Salad Mix is a restaurant style mix. It has different textures and crunch and is slightly more bitter than your average leaf. We recommend using a sweeter dressing with this green. Something like a honey, balsamic mix is always nice. 

Swiss chard is a member of the beet family and has a beautiful earthy flavour. It comes in a variety of colours; white to all the colours of the rainbow. Swiss chard is high in potassium, vitamin A, and vitamin B. We recommend cooking chard if you are including the stems since they can be very bitter but loose the bitterness during cooking. The leaves alone (stems removed) are fine eating raw.

Sorrel is a perennial herb and has a beautiful, tart lemon flavour. Red sorrel contains high amounts of vitamin C and several B vitamins, in addition to calcium, potassium, magnesium, and a small amount of phosphorus. We recommend eating baby sorrel raw and not cooking it but it can also be juiced and makes a wonderful addition to smoothies. Sorrel packs a punch of flavour and a little goes a long way. Add it to a salad along with other greens for a nice compliment. 

Spinach is a member of the amaranth family, native to central and western Asia. Spinach has small-medium leaves with thick stems. It can be served raw in salads or lightly cooked. Spinach is chalk full of vitamin A, beta-carotene, iron, potassium, and calcium. Spinach freezes well and can be used in soups and stews all winter long!

Tatsoi is a member of the brassica family and is a semi-hardy Asian green. Tatsoi is a good source of vitamins A, C and K, folate, calcium and potassium. Tatsoi is a little thicker than spinach so it can withstand being thrown into soups or a stir-fry, but it’s also really tasty when eaten raw in a salad. Tatsoi freezes well and can be used in soups and stews all winter long!

Vivid Choi Pac Choy has green leaves tinged with purple and with purple veins.  This crunchy and succulent green has a flavour similar to pac choy but with more leaf and less stem.
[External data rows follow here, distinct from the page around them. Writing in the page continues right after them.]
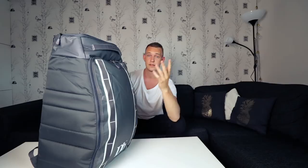Let's look at the structure. I've got the grey one with the white details. If you're new to this brand, Douchebag, the good thing is they're very smart. You see these small straps? These are used for hooking up bags with another bag, so you can hook this bag up with a smaller Douchebag — just click it on these straps. Thumbs up for that.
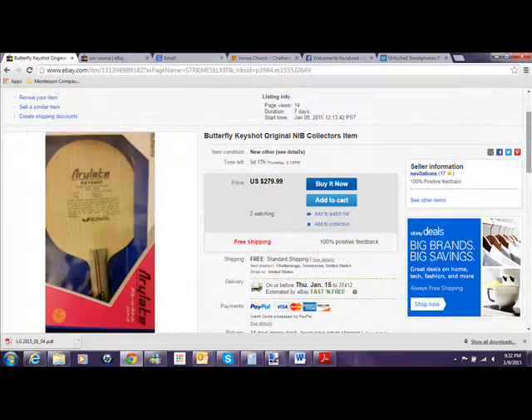This is probably your last opportunity to buy one brand new in a box. Imagine putting brand new rubber sheets on there — you're going to be the only one with a brand new Keyshot blade; nobody's going to have one anything like it. So go to the link below, and enjoy — if you purchase this blade, enjoy it, because you're not going to find another one like it.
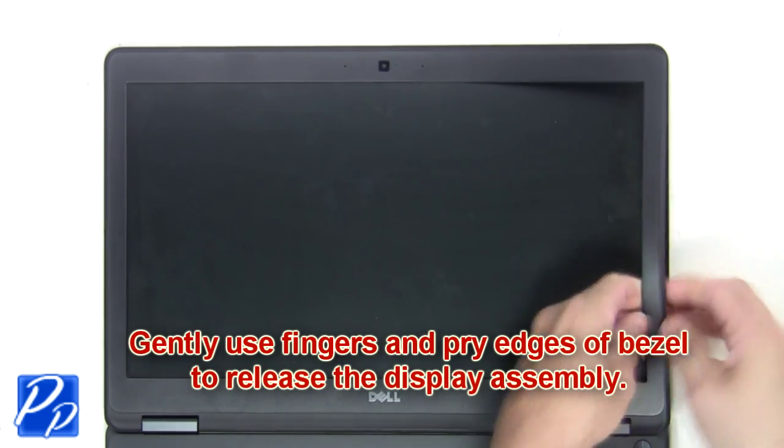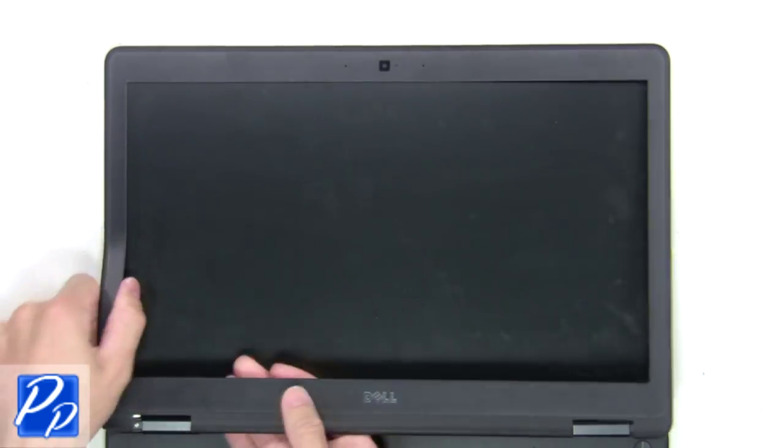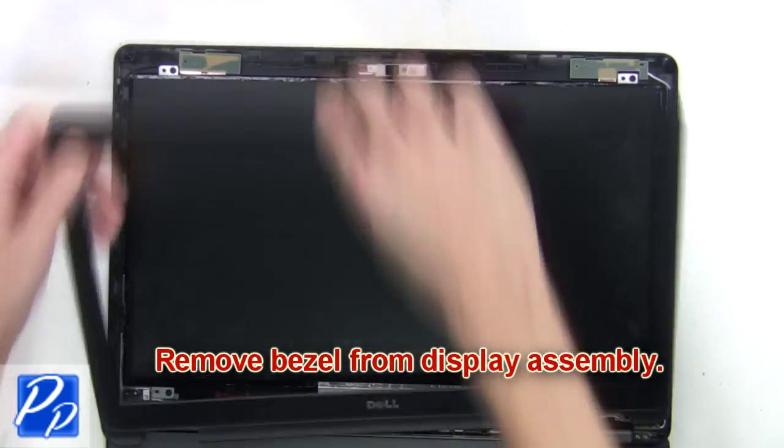Gently use fingers and pry edges of bezel to release the display assembly. Now remove bezel from the display assembly.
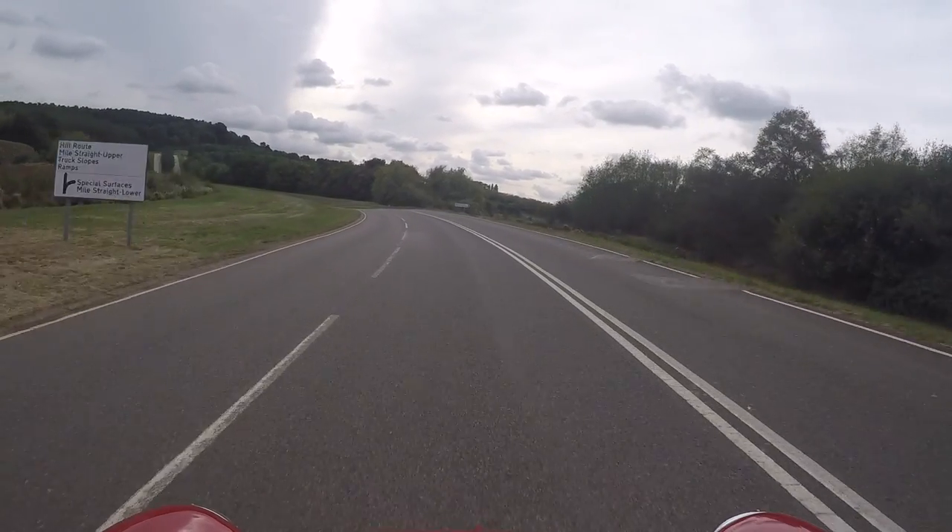The 0-60 time is 9.2 seconds — very comparable to a 1275 or maybe a Cooper S. We tried not to go too mad with it. And after driving it, that's pretty instant. The pickup is really, really good.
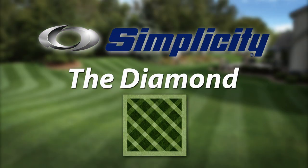Creating this lawn pattern on your Simplicity is a bit more advanced, but it's worth it. It's called the diamond.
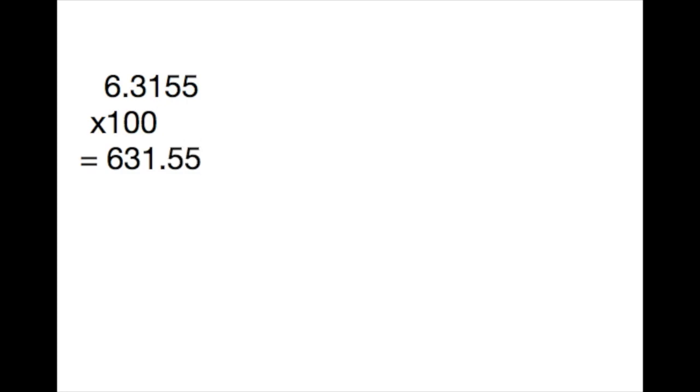Because we only had two sig figs, we must carry over that many sig figs to the pressure, giving us a final water content of 630 parts per million or 0.06%. This does not pass the ASTM standard of 0.05% or 500 parts per million water.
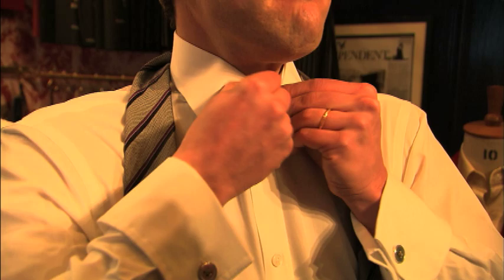A forehand knot? I've never heard of that. Well, it's not a four Windsor, it's not a half Windsor, it's a forehand knot. I'll show it to you. It's a very simple knot, but very effective, particularly with this weight of silk in the tie.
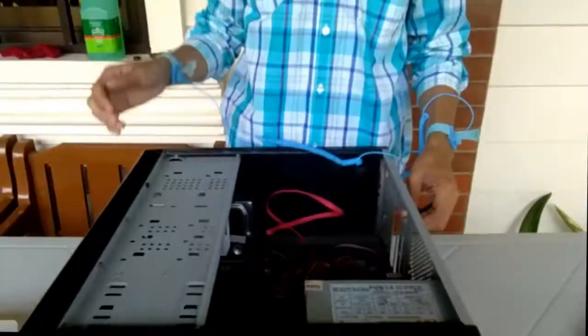That's all — we have assembled our system unit. So unplug the anti-static wrist strap. That's all for today, thank you.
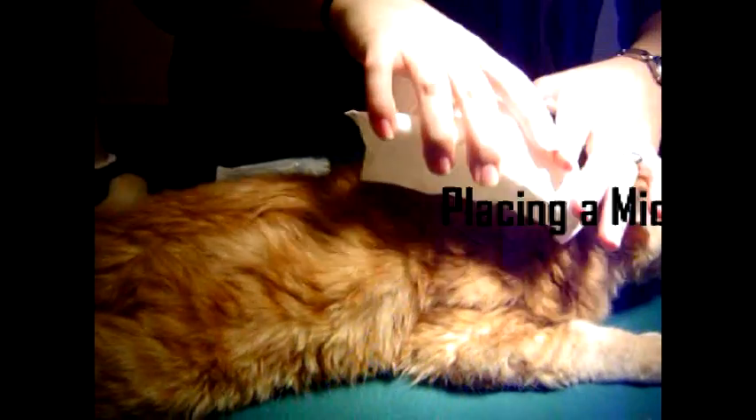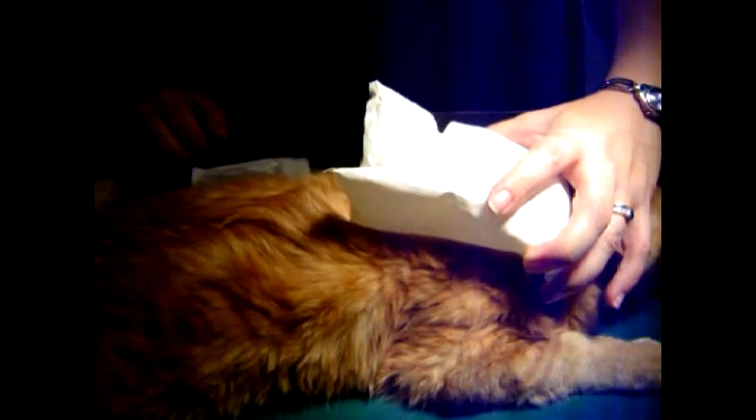We're going to microchip this kitten here. We're going to put an ice pack on his back so that we kind of numb the area so it's not quite so painful.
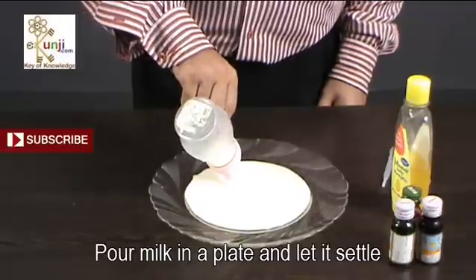Pour milk in a plate and let it settle. Add a few drops of different food colors in it.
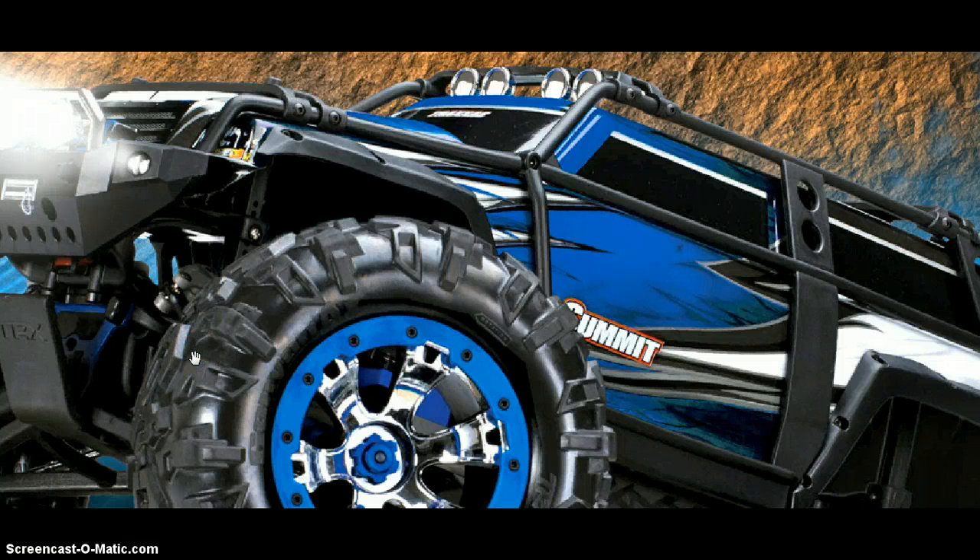Hey guys, I'm going to be talking about the Traxxas Summit. This is going to be a review on it. I'm going to be talking about if I like it or not.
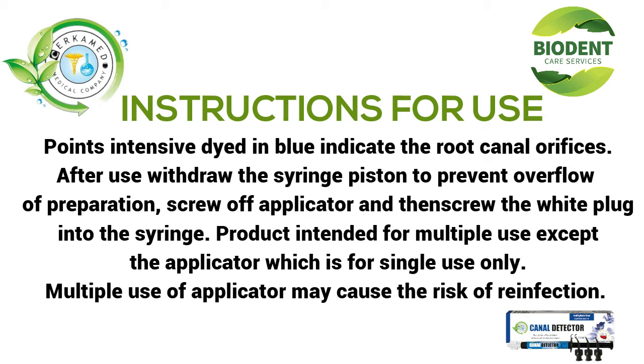After use, withdraw the syringe piston to prevent overflow of preparation, screw off the applicator, and then screw the white plug into the syringe. The product is intended for multiple uses except for the applicator, which is for single use only. Multiple use of the applicator may cause the risk of reinfection.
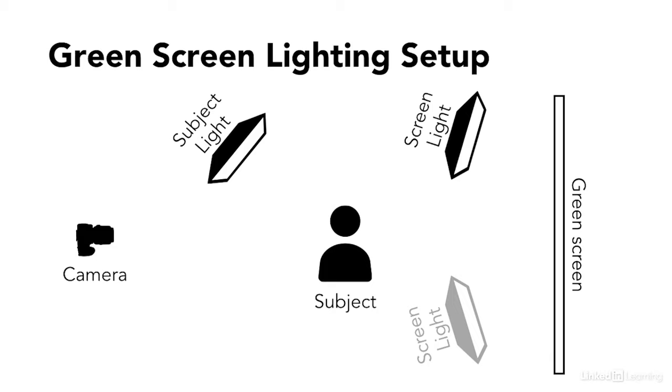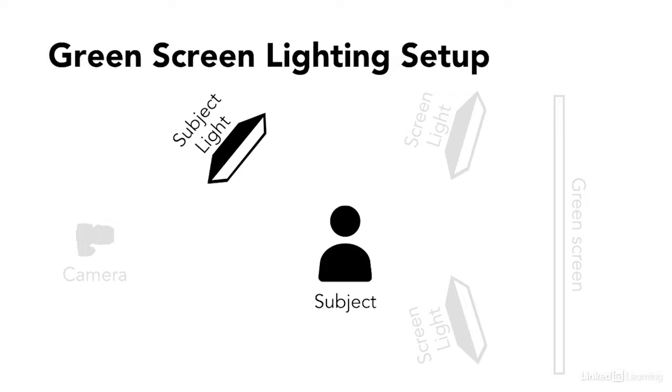The next most important element in our setup are the lights. You're going to want at least three lights — two lights to put on either side of the green screen background, and at least one light for your subject. To be clear, three lights is the bare minimum. I recommend four or more lights for best results, as you can then also add a hair light or fill light to your setup, as I'll show you in a bit.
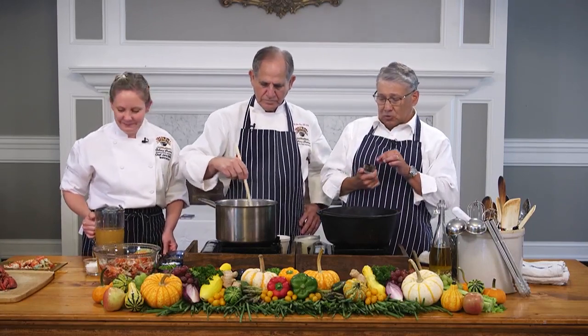Welcome to another edition of Stirring It Up with John Fulsh, Chef Jenna Beo, and I am Johnny Aishin, holding some truffle.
It is a good amount of nutrients and is low in calories.

 

Baby green storage: Our baby greens come in a compostable paper bag. We DO NOT recommend that you store them in this bag by itself. It is meant as a environmentally friendly method of transport. Keep baby greens in a mesh cotton bag, or paper towel, and then place inside a reused plastic bag, or container inside your fridge crisper. You can also leave the greens in the paper bag and put that bag in an airtight container or used plastic bag. They will keep for about 1-2  weeks.

Bunched green storage: Put dry, unwashed bunched greens in a mesh bag, or paper towel, and then place inside a bag, or container inside your fridge crisper. They should last for about two weeks.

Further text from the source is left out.